- IOC Code: BWL
- Governing body: IBF
- Events: 2 (men: 1; women: 1; mixed: 0)

Summer Olympics
- 1896; 1900; 1904; 1908; 1912; 1920; 1924; 1928; 1932; 1936; 1948; 1952; 1956; 1960; 1964; 1968; 1972; 1976; 1980; 1984; 1988; 1992; 1996; 2000; 2004; 2008; 2012; 2016; 2020; 2024; 2028; 2032; Note: demonstration or exhibition sport years indicated in italics
- Medalists;

= Bowling at the Summer Olympics =

Bowling was featured in the Summer Olympic Games as a demonstration event in 1988 at Seoul's Royal Bowling Center. A total of 20 nations competed in the men's and women's tournament. No bowling professionals competed.

==Post-1988 lobby==
The first multi-sport event in which bowling was contested as an official sport was the 1978 Asian Games in Bangkok, Thailand. Bowling has been an official sport at every quadrennial World Games from the first edition in 1981 in the United States, including the 2017 World Games in Wroclaw, Poland. The sport was removed from the Asian Games program for the 1982 Games in Delhi, India, but returned four years later in the 1986 Games in Seoul, South Korea. The public interest in this edition of the Asian Games was resounding. As a result the bowling industry lobbied long and hard for bowling to be recognized as a potential Olympic sport and a demonstration sport for future Games, but the outcome was not successful. A negative factor is that bowling lacks inexpensive or easy access for youth in the underdeveloped world to acquire skill and proficiency. However, after its first demonstration appearance at the Americas-exclusive 1983 Pan American Games, bowling appeared as an official sport with full medal status at the 1991 Pan American Games on August 2, 1991, in Havana, Cuba. The medal-level competition has been held at every Pan American Games since then, including the 2019 Games held in Lima, Peru.

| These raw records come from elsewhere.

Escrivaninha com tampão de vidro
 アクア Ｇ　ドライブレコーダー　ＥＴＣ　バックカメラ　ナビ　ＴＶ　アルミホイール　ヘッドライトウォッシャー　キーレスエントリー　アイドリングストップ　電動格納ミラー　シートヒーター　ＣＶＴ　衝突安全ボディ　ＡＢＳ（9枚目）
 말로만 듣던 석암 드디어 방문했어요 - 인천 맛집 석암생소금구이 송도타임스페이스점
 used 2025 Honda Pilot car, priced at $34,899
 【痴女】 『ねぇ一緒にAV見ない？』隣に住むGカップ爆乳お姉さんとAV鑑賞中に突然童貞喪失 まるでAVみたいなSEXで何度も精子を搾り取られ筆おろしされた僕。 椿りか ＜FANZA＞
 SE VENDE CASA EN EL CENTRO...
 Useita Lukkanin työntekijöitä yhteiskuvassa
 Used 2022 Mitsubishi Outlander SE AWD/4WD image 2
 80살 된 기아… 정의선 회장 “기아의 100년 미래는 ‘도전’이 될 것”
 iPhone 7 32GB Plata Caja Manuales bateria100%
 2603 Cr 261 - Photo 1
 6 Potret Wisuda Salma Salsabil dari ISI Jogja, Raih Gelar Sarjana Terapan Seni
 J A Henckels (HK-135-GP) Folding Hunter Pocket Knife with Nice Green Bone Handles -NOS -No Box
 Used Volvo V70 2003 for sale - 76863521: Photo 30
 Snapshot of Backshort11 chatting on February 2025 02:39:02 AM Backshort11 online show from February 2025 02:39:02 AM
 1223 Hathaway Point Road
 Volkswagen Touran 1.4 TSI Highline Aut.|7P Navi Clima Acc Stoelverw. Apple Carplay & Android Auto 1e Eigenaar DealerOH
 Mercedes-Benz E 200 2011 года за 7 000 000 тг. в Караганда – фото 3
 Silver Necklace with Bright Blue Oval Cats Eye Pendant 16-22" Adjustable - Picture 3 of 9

==Sport for the 2020 Summer Olympics==
On 22 June 2015, it was announced that bowling made the cut from the 28 sports to the last eight to become a new sport for the 2020 Summer Olympics. The shortlist of these sports for consideration was based on applications from 26 international sport federations, many of which have applied for inclusion in previous Olympic tournaments. However, in September 2015, it was announced that bowling, together with wushu and squash, were left out for 2020. The 2020 Olympic Committee wanted sports that appealed to youth and that did not require building new facilities to reduce cost.